Data Poisoning
Data Poisoning is an attempt to fool a system by inserting rogue data. It could be a threat to AI systems because they build up their learning models from large data sets. If those source data sets are not to be relied upon neither are the decisions made by the AI.
An early example of successful data poisoning comes from 2016 when the Microsoft Twitter Chatbot ‘Tay’ was manipulated by its users to output offensive tweets. Microsoft swiftly took down the service and within the big AI picture the incident might be regarded as a joke although in poor taste. A 2023 study demonstrated how sophisticated Data Poisoning attacks could be achieved at a relatively low cost to the attacker. These were based around taking control of selected sources that would be mined by the AI. Wikipedia for example can be manipulated by changing data in the short but identifiable time span before it is harvested by the AI as a data snapshot and also before Wikipedia itself reverts to a ‘known-good’ content. Other key sources such as web pages can be manipulated by adding false content or taking control of expired domains. The actual degree of change to influence the AI could be relatively low. A worrying implication is that data poisoning could lead to subtle changes in AI output. Fake news could be generated or management decisions influenced by changing what an AI system sees as ‘the truth’. A more generic effect might be to influence SPAM or malware filters to allow harmful content to be passed rather than blocked.
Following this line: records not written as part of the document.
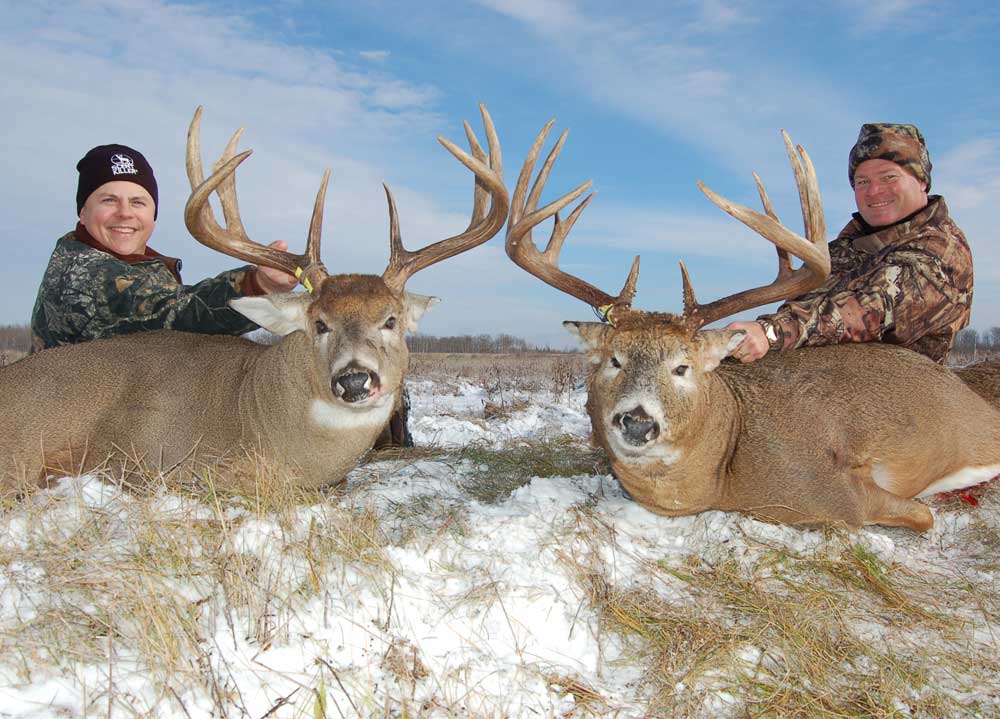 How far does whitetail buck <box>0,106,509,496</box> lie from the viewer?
4449 millimetres

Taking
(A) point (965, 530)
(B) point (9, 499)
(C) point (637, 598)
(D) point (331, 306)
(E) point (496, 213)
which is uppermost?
(E) point (496, 213)

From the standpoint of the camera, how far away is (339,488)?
16.1 ft

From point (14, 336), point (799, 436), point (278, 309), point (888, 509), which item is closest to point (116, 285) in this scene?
point (278, 309)

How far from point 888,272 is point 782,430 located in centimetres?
162

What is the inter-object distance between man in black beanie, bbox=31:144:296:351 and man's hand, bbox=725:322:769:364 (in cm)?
288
Data Poisoning can also be used to protect the data source. Although this might harm the AI model the issues are of trust and ownership rather than any deliberate attempt to cause harm. Artists would wish to prevent AI copying and manipulating their images without prior consent. The AI copies represent a loss of income to the original authors, in addition inferior copies dilute the brand or reputation of the original artwork.
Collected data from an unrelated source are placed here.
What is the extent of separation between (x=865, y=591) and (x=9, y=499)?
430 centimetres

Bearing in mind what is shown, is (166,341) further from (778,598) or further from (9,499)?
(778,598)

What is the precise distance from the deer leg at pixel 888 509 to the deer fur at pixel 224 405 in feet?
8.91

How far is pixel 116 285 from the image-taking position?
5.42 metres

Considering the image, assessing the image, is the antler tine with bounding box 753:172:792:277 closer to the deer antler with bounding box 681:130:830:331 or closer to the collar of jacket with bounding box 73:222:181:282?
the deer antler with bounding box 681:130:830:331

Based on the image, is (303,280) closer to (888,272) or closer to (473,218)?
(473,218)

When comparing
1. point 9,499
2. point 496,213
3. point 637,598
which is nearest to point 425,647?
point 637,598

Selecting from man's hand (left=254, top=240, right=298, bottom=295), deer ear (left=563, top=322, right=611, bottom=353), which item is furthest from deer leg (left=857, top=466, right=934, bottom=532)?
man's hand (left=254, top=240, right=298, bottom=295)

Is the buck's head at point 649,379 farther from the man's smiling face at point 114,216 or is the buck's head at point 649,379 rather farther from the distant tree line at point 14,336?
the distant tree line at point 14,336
Protecting these images is relatively easy as an AI engine does not see pictures but has to rely on their context and code representing blocks of shapes and colours within the file. By deliberately manipulating those prompts so that they do not match the actual image then the AI can be fooled. A real-world example is Nightshade which uses subtle changes within the shading of an image to make it appear as something else to the AI scraper. Nightshade will not necessarily make it impossible for AI to accurately categorise an image but does make the processing required noticeably harder. Another tool is Glaze notable in that it received special mention by Time magazine amongst its best inventions of 2023. Glaze also manipulates the image composition but to make it appear as a different artwork style for example abstract rather than realistic. Both Glaze and Nightshade can be used on the same image.
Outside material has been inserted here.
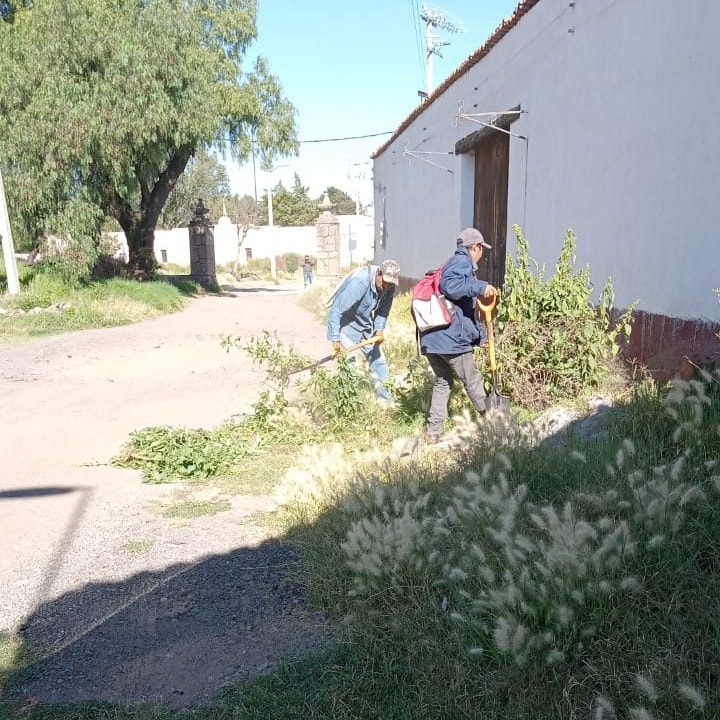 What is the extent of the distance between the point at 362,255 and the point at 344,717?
4446cm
The additional computational work required by AI engines to deal with Data Poisoning, either as an attack or data protection device will result in increased power demands in an field that is already claimed to be consuming as much electricity as a small country. Energy concerns have yet to have a serious impact on the spread of AI. At the current state of its deployment the key issue is to what extent the output of AI can be trusted either in its authenticity or ownership?